Words by Hugh Morris
Holidaymakers flying to Portugal this northern summer are most likely to suffer delays, new research suggests.
More than half of UK flights (51 per cent) to the country last year, departing between June 1 and August 31, were delayed or cancelled, while the same is true of 45 per cent of services to France, 37 per cent to Spain and 33 per cent to Turkey.
Six popular holiday destinations featured in the study. Those heading to Greece were most likely to leave on time, with only 14 per cent delayed or cancelled, while Egypt was second best with 19 per cent.
Countries and delayed/cancelled flights
The data compiled by airline passenger compensation website flightright.co.uk also looked at individual airport figures and found that Istanbul (both Atakurk and Sabiha Gocken aiports) and Nice in the south of France were the worst destinations last summer for delays, both registering 64 per cent of inbound flights delayed or cancelled.
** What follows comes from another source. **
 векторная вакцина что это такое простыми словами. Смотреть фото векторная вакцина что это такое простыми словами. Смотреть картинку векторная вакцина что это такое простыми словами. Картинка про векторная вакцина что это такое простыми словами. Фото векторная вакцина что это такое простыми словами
Lisbon, Portugal, had 61 per cent of inbound flights delayed or cancelled.
As far as UK airports are concerned, the research found that Heathrow suffered the most delayed or cancelled flights (54 per cent), with Gatwick second (40 per cent) and Manchester third (29 per cent).
The data from June, July and August last year used a margin that defined delayed as one second or greater after scheduled departure, rather than the 15 minutes used by the Civil Aviation Authority (CAA).
The CAA also uses different time periods to analyse flight data - four quarters of a year, rather than the summer months. As such, this data does not tally with its own. A spokeperson told Telegraph Travel that the two are not comparable.
For example, the CAA's figures for the third quarter of last year put Nice's delayed percentage at 36 per cent, and Lisbon's at 40 per cent.
Marek Janetzke, managing director of flightright.co.uk, suggested people may want to choose a summer holiday destination based on potential disruption to their journey.
He said: “Most passengers still do not know about their rights as airlines frequently leave them without information or don’t tell them that they are entitled to compensation or support.
"It only takes a three-hour delay to be eligible for compensation of up to £500 (A$945).”
Meanwhile, separate research by dayuse.com, a website that specialises in day bookings for hotels, found that Mauritius to Gatwick was the most frequently delayed long-haul route, with 25 per cent of flights delayed by more than three hours.
A quarter of flights from Phuket, Thailand, to Gatwick were delayed by between one and three hours, as were 23 per cent of flights from New York to Glasgow.